GIVEN MATERIAL:

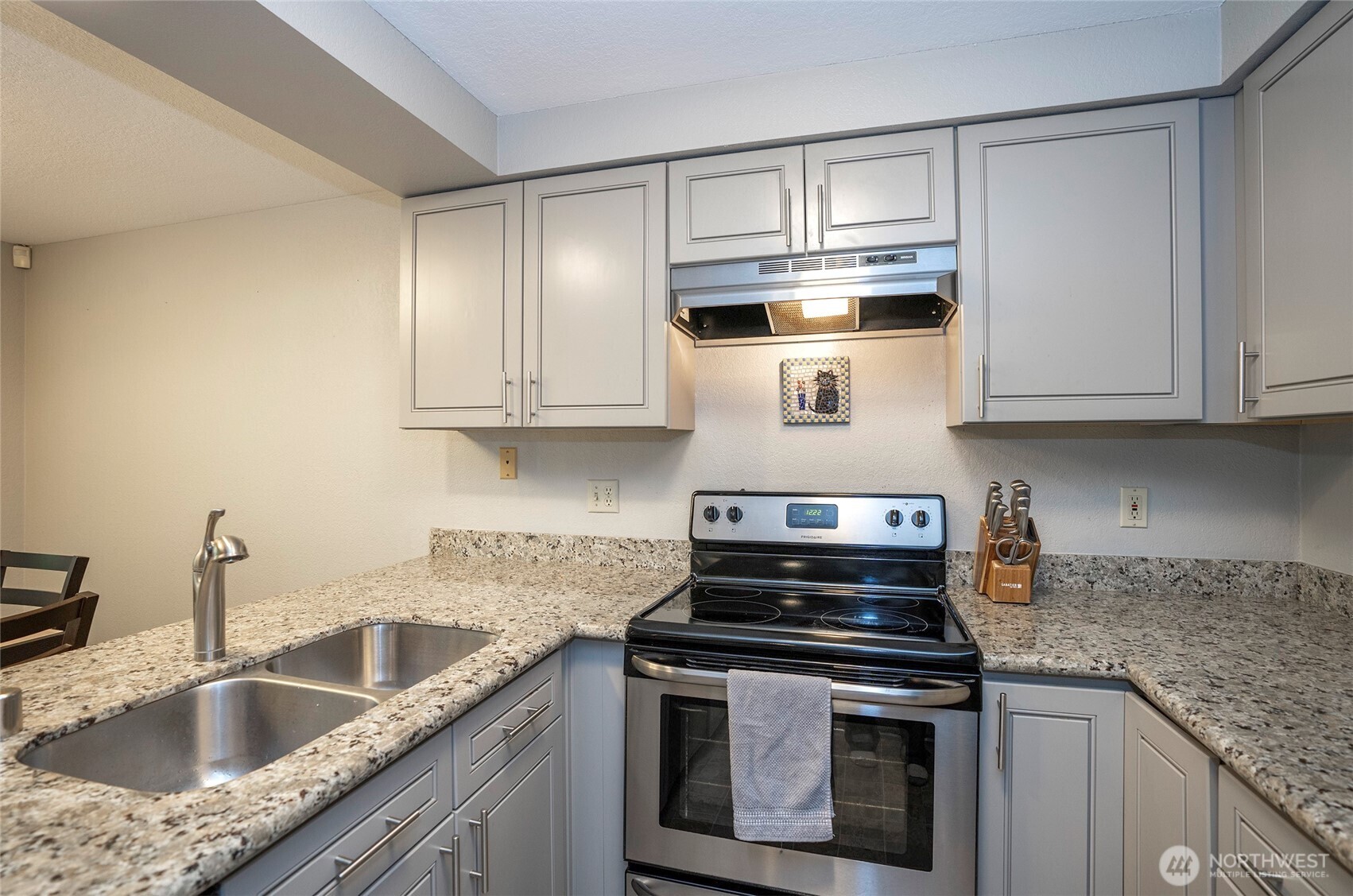 4231 NE 5th Street Unit: E201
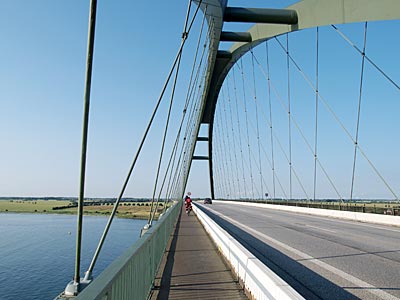 Ostseeküstenradweg:  Kühne Stahlkonstruktion Fehmarnsundbrücke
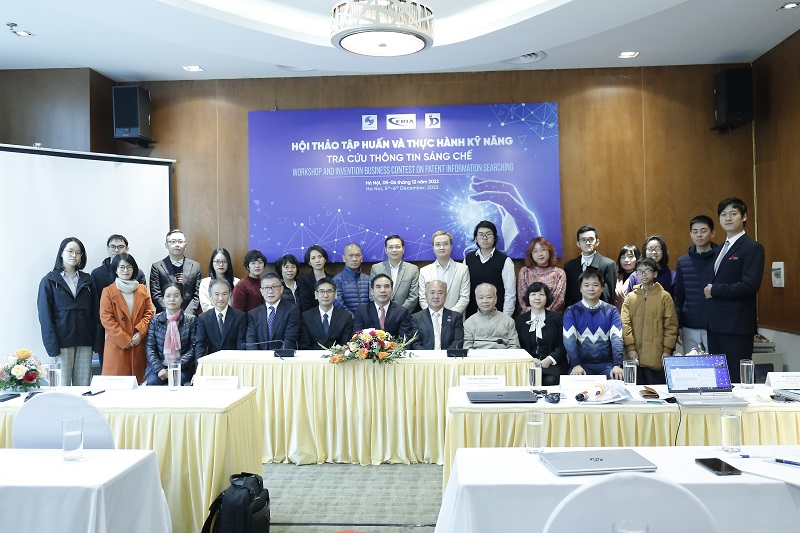 Ban Tổ chức và các đại biểu tham dự trực tiếp tại Hà Nội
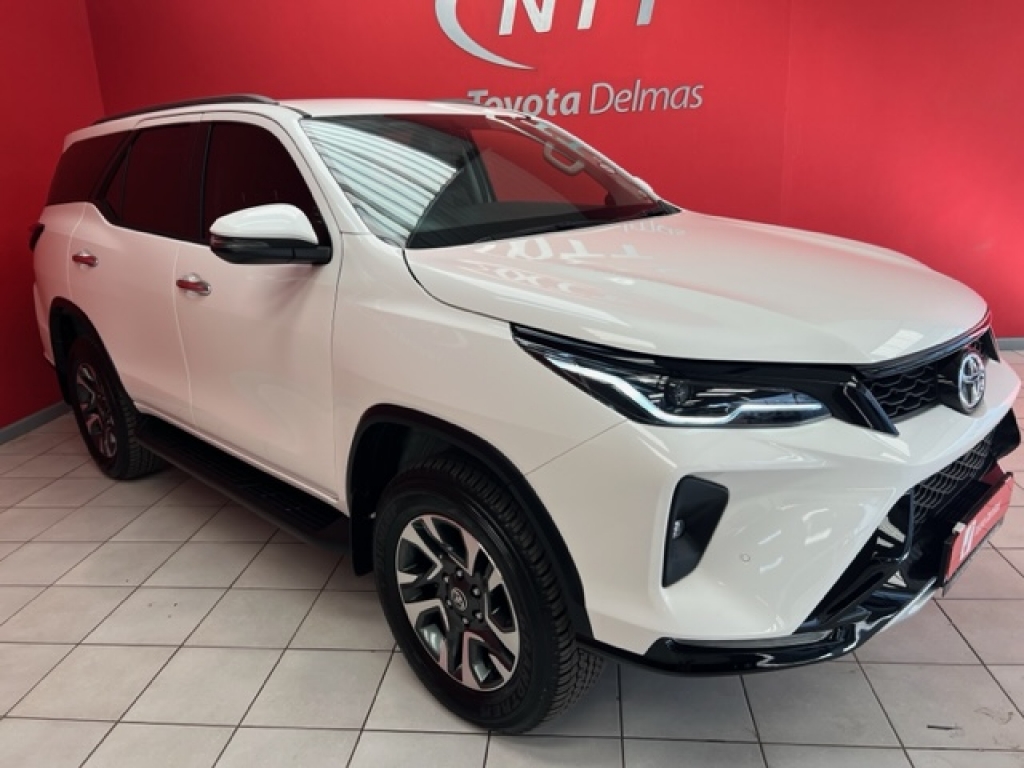 TOYOTA FORTUNER 2.4GD-6 4X4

YOUR ASSIGNMENT: Give back every line of the material above word for word, leaving out the pictures.

FINISHED EXERCISE:
 4231 NE 5th Street Unit: E201
 Ostseeküstenradweg:  Kühne Stahlkonstruktion Fehmarnsundbrücke
 Ban Tổ chức và các đại biểu tham dự trực tiếp tại Hà Nội
 TOYOTA FORTUNER 2.4GD-6 4X4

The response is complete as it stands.